Future`s Bright for Embun`s Orphans

A tough childhood without parents drove a woman to pour her old age nest egg into an orphanage. For that, she was named a Lifetime Humanitarian last year. Kicking off the search for nominations this year, BRENDA LIM and SUGANTHI SUPARMANIAM catch up with Embun Mohd Ali and the home she set up.

A BULLDOZER sits in the middle of a clearing pockmarked with holes, waiting for jackfruit saplings. Down a slope to one side, four ponds are full of catfish and tilapia.

Livestock is on the way: 50 goats in the next three weeks and turkey hatchlings in the future.

A small farm is taking shape here among oil palm and rubber smallholdings outside Gopeng, Perak, bringing hope and a future to the 53 orphans of Asrama Anak-anak Yatim dan Miskin Yayasan Hikmah.

This well-deserved windfall follows years of struggle by its founders, Embun Mohd Ali and her late husband, Din Kimi.

The retired headmistress, now 88, knows what it is to grow up without parents.

Hers divorced when she was 5: Her British estate owner father left Malaya and her mother went to work. Embun was left in her grandmother`s care in a village in Gopeng.

To earn some extra money, she gathered vegetables from the jungle to sell in school. With the help of her grandmother, she made pecal — the Malay salad with peanut sauce — to earn extra money.

She became a teacher, then eventually headmistress, at Sekolah Rendah Seri Kepayang in Ipoh. But she never forgot her tough childhood.

So she and Din bought 13ha of land with money meant for their old age, and began taking in children at the home in Kampung Pintu Padang, near Gopeng.

The home was officially registered in 1991, two years after Din died.

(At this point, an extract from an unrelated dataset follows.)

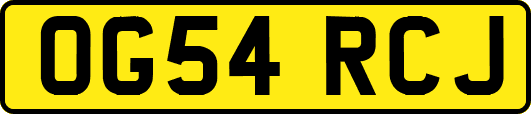 OG54RCJ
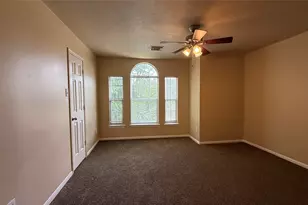 5127 Prosperity Cir, Houston, TX 77018 - Photo 12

The next 15 years would be spent looking for ways and means to feed and care for the orphans.

Last year, the wheelchair-bound Embun was named NSTP-PwC Lifetime Humanitarian 2005.

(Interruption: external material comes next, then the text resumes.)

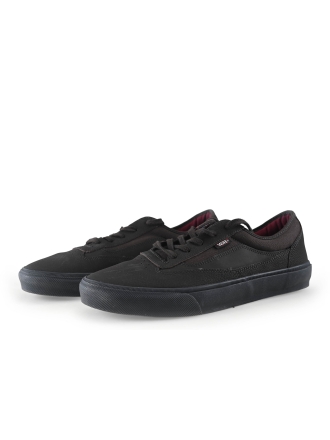Vans Sneaker Braun 317062
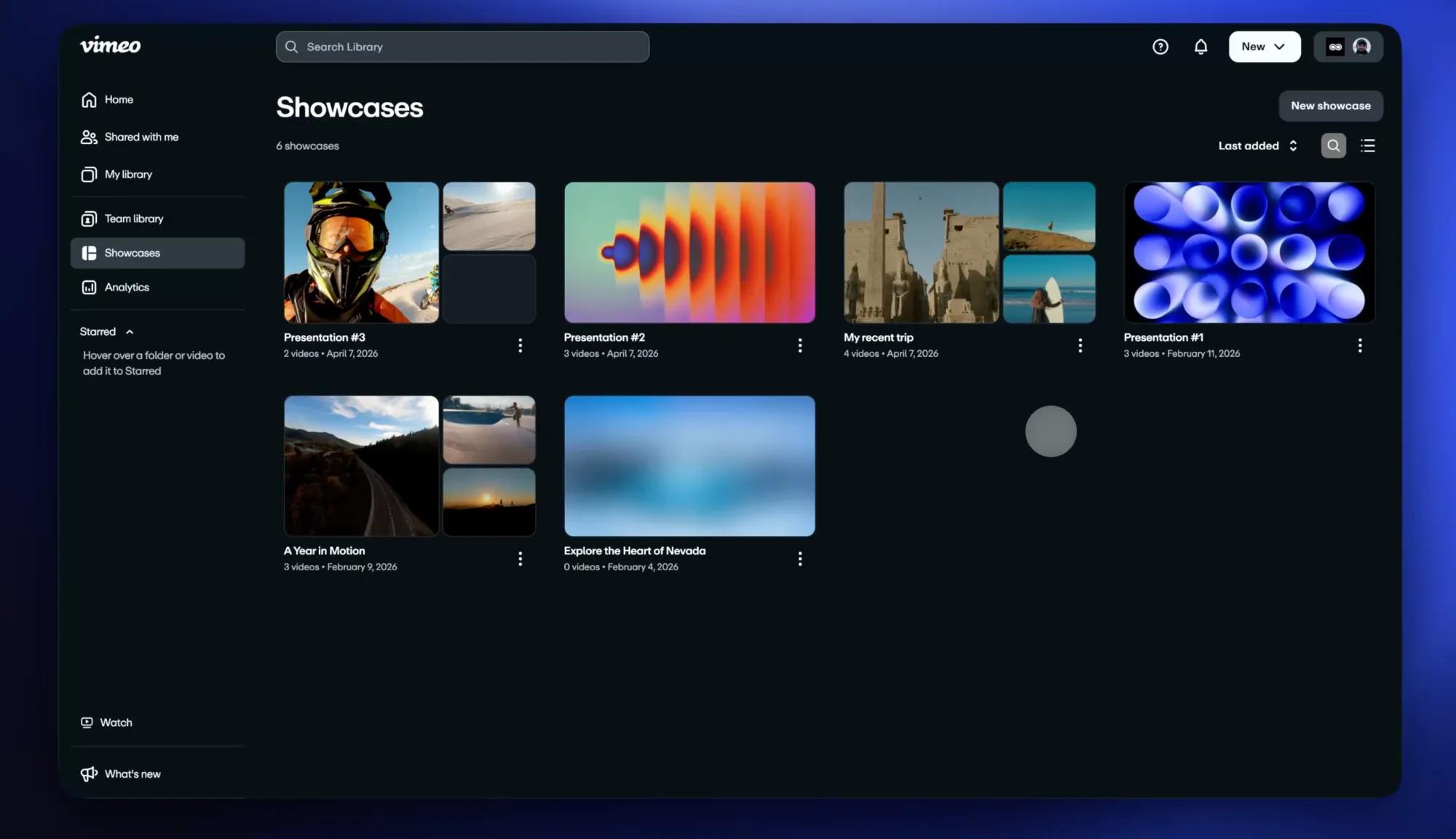 What’s a codec?: Audio and video codecs explained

With the award came publicity and some much-needed attention, which in turn brought offers of help and a steady stream of donations.

It has made a huge difference, says Embun`s son-in-law Ismail Bidin, who runs the home. Expenses are RM13,000 a month, and donations usually amount to only RM4,000.

It was a constant struggle to survive on money from friends and walk-in visitors.

The RM25,000 which came with the award was also handy. The first thing Embun did was to buy a hearing aid. She forgot to bring it on the day she was interviewed by New Sunday Times, so her daughter Saadah spoke on her behalf.

The second was a thorough check-up, which Embun passed with flying colours.

The rest of the money has gone to the children in her care, aged between 5 and 16.

The award also brought a torrent of visitors — from the Farmers Organisation Authority, which donated jackfruit saplings and fertiliser; to Rural and Regional Development Minister Datuk Seri Abdul Aziz Shamsuddin, who pledged 50 goats.

The cash and promised help has allowed Ismail and the committee running the home to dream big:

To set up a farm to generate income to make the home self-sufficient, and instil discipline in the children.

"It will teach them to be self-sufficient, that the world does not owe them a living. And they can pick up a trade."

Not one child has complained about the extra chores, says Ismail.

They cheerfully take turns to feed the fish twice a day, and made their first catch last month. Stored in the freezer, fish is on the menu every other day, with no fear it will bust the budget.

Ismail is planning to milk the goats and turn their dung into fertiliser. He also wants to buy turkey hatchlings to raise them for sale.

A 45-week-old bird could fetch RM45 from hypermarket chain Tesco, and at Christmas time, up to RM90.

"The award has triggered all these self-help programmes. With the integrated farm, 70 per cent of our financial needs will be covered."

Embun still makes regular inspections every month, returning from Kuala Lumpur where she now lives with her own children.

As doughty as ever, Embun insisted during her April visit on seeing the fish, recruiting several boys to help push her wheelchair down the slope to the ponds, Ismail said.

Her sharp eyes missed nothing, which meant a long to-do list for Ismail.

"You know how it is, with former headmistresses," he said with a smile.